Sono passati ormai nove anni da quando il ciclismo italiano ha festeggiato l'ultima vittoria alla Vuelta Espana, il terzo grande giro della stagione che è appena partito. In occasione del via della corsa, scattata da Lisbona sabato 17 agosto, Relevo ha raggiunto il protagonista di quel successo, Fabio Aru. L'ex campione ha raccontato il suo rapporto speciale con la Vuelta e il suo amore per il Ciclismo, che non è venuto meno neanche nell'ultima e tormentata parte della sua carriera. Aru ha fatto delle interessanti riflessioni sulla durezza del ciclismo, spiegando che nessun altro sport pone gli atleti davanti ad una fatica così estrema, ai rischi e agli imprevisti delle cadute e delle condizioni meteo.
"Nel Tennis quando c'è vento o piove non giocano", ha commentato Aru.
Aru: 'Contador è stato un idolo'
Fabio Aru ha vissuto alla Vuelta Espana alcuni dei momenti più intensi ed esaltanti della carriera. Tra il 2014 e il 2015, l'ex corridore sardo fu tra i grandi protagonisti della corsa, prima confermando il talento emerso al Giro al cospetto di campioni come Froome e Contador e poi conquistando la vittoria più importante della carriera.
"Ho corso la Vuelta per la prima volta nel 2014. Volevo consolidare quanto fatto al Giro d'Italia", ha raccontato Fabio Aru, ricordando le sfide in montagna con i campioni più affermati di quel ciclismo. "C'erano Froome, Contador, Valverde, Rodriguez. Io arrivai quinto, fu un successo completo.
Essere tra i primi cinque di quel ciclismo è stato qualcosa di grandioso. Non credo che all'epoca esistessero corridori su strada migliori di loro, e sì, io ero lì. Ricordo che vinsi due tappe", ha continuato Aru, che poi tornò alla Vuelta un anno dopo con ambizioni ancora più alte.
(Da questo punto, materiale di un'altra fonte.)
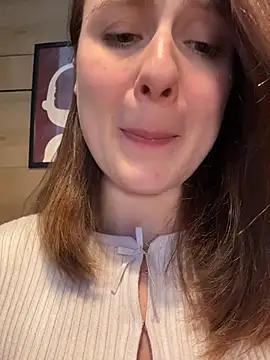 Dina_Teasen Live XXX chat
"Nel 2015 la Vuelta era un obiettivo preciso.
Mi trovai bene con tutto, i percorsi duri, il caldo", ha ricordato Aru, che riuscì a strappare la maglia rosa a Tom Dumoulin in una rocambolesca ultima tappa di montagna. "La tappa la vinse Plaza e io guadagnai più di tre minuti su Dumoulin", ha raccontato Fabio Aru.
L'ex corridore ha ricordato quanto sia stato speciale trovarsi di fronte ad Alberto Contador nella prima parte della carriera.
"È sempre stato il mio idolo, un esempio da seguire. Mi piaceva come correva, il suo carisma, come si comportava con le persone", ha ricordato Aru.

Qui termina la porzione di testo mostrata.